Among the most spectacular birds of South Africa are the cranes, most easily spotted in wetlands - although the wattled crane is a lucky find as it is extremely uncommon. The beautiful blue crane is South Africa's national bird; the crowned crane is probably the flashiest of the three with its unmistakable prominent crest.
Among its larger bird species, South Africa also has several eagles and vultures. Among its most colourful are kingfishers, bee-eaters, sunbirds, the exquisite lilacbreasted roller, and the Knysna and purple-crested louries.

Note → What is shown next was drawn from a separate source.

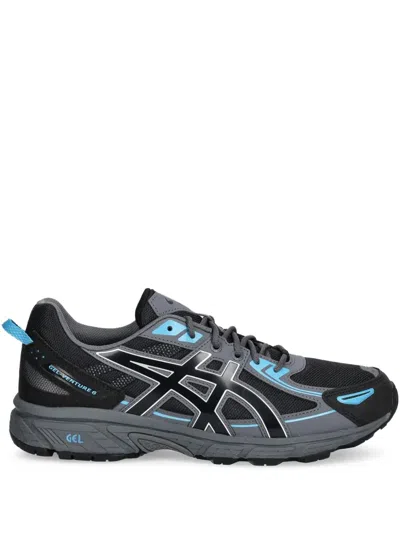 Asics Gel-venture 6 Mesh-panelled Sneakers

Drakensberg: Barrier of Spears 
The uKhahlamba Drakensberg Park has outstanding natural beauty, Africa's highest mountain range south of Kilimanjaro, a fascinating and ancient geology, some of the rarest animals in the world - and the largest, richest and most concentrated series of rock art in Africa. In 2000 it became the fourth site in South Africa to be granted World Heritage status by the United Nations Educational, Scientific and Cultural Organisation (Unesco).

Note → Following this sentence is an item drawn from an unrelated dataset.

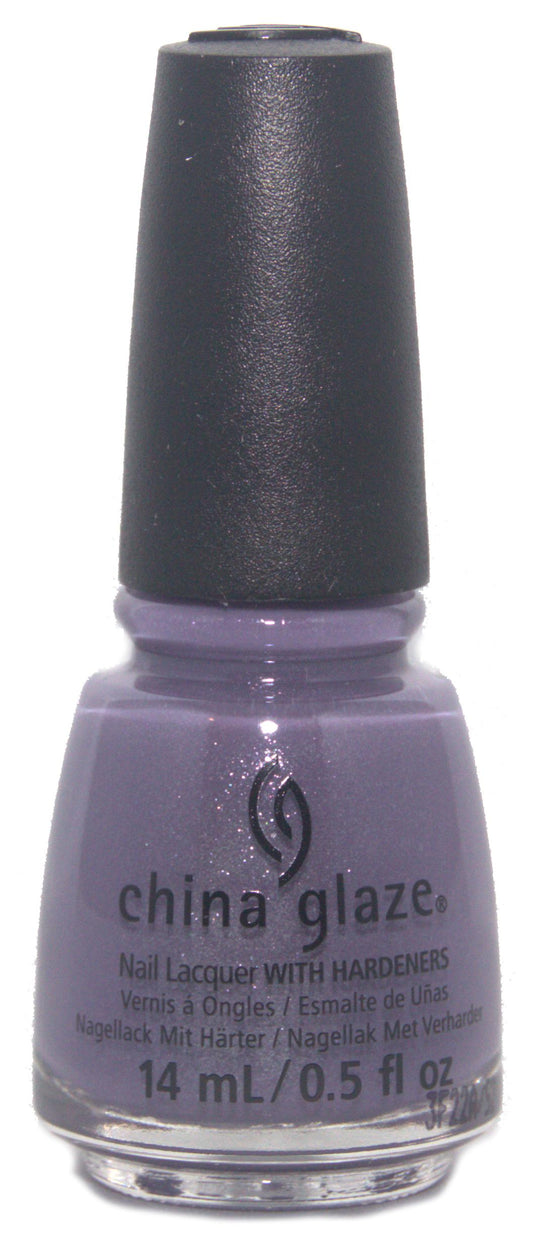 China Glaze NP-Sky Of Lavender 82921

Internationally, there are 812 World Heritage sites, in 137 countries. Africa has 65 sites and South Africa a total of seven. Three of these are cultural sites and three natural. The Drakensberg, because of its remarkable geology and unmatched wealth of San rock art, is a mixed cultural and natural World Heritage site.
The uKhahlamba Drakensberg Park lies in the west of KwaZulu-Natal on the Lesotho border. It is 243 000 hectares in size, stretching 150 kilometres from Royal Natal National Park in the north to Cobham Forest Station in the south. Both the Zulu name uKhahlamba - barrier of spears - and the Afrikaans name Drakensberg - dragon mountains - fit the formidable horizon created by the range. A massive basaltic cap set on a broad base of sedimentary rocks belonging to the Stormberg series of 150-million years ago, the mountains are South Africa's main watershed.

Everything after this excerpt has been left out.